Should a line in the entries below contain "ceiling", return that line.

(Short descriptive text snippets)
####
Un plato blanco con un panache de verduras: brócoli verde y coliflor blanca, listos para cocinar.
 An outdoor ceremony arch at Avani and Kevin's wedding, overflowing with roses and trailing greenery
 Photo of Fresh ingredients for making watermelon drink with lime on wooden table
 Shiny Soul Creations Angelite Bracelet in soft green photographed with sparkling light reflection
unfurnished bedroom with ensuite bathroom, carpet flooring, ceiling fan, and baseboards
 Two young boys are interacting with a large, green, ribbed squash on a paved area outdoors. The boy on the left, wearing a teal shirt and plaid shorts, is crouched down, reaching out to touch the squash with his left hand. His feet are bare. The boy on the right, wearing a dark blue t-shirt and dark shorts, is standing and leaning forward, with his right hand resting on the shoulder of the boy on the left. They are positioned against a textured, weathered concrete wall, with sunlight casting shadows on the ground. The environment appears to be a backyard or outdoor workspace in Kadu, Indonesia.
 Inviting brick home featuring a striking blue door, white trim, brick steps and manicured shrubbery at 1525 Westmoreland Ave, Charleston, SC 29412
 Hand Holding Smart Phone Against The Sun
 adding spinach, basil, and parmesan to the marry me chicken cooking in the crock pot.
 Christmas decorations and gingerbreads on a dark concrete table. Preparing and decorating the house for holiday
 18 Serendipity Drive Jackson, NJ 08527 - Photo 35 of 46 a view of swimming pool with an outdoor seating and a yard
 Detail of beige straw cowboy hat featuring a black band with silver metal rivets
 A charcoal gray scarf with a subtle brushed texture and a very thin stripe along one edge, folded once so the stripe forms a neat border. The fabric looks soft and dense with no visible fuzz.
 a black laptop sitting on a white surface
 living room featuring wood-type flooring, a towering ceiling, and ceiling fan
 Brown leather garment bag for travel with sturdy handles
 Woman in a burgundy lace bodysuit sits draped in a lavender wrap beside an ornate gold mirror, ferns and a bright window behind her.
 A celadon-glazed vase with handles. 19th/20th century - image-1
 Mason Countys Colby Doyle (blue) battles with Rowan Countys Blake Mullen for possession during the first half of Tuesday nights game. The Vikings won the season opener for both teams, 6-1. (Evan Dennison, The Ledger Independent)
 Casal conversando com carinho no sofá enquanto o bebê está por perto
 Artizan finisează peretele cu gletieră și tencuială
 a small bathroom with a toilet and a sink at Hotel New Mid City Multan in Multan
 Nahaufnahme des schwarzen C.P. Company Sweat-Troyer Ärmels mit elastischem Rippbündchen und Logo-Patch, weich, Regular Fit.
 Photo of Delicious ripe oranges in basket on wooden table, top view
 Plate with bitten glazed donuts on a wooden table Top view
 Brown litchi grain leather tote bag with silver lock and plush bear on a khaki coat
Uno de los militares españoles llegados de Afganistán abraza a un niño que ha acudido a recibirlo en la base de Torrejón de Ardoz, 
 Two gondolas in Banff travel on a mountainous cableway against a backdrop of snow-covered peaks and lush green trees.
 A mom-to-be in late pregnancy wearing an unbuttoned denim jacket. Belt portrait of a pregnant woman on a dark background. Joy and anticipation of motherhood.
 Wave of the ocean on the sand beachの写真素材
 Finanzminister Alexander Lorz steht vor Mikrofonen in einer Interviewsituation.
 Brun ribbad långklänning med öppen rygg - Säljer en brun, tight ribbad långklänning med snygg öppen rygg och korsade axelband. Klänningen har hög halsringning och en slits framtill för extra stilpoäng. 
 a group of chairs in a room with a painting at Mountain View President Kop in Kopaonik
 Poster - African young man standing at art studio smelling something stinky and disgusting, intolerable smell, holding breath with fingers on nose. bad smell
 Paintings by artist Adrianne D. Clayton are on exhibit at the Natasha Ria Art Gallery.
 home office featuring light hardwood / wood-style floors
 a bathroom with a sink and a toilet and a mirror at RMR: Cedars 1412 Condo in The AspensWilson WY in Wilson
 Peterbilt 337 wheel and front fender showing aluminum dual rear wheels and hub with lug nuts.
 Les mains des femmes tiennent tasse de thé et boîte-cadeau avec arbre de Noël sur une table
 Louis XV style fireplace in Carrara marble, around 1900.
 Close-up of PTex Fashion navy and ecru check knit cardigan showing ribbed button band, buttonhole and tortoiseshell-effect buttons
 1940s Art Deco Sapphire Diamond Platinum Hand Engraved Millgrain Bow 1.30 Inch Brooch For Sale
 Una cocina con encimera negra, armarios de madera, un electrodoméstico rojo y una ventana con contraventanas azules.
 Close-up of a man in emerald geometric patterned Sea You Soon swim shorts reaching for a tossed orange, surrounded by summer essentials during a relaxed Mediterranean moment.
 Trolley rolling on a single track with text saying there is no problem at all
####
**Your response**:
unfurnished bedroom with ensuite bathroom, carpet flooring, ceiling fan, and baseboards
 living room featuring wood-type flooring, a towering ceiling, and ceiling fan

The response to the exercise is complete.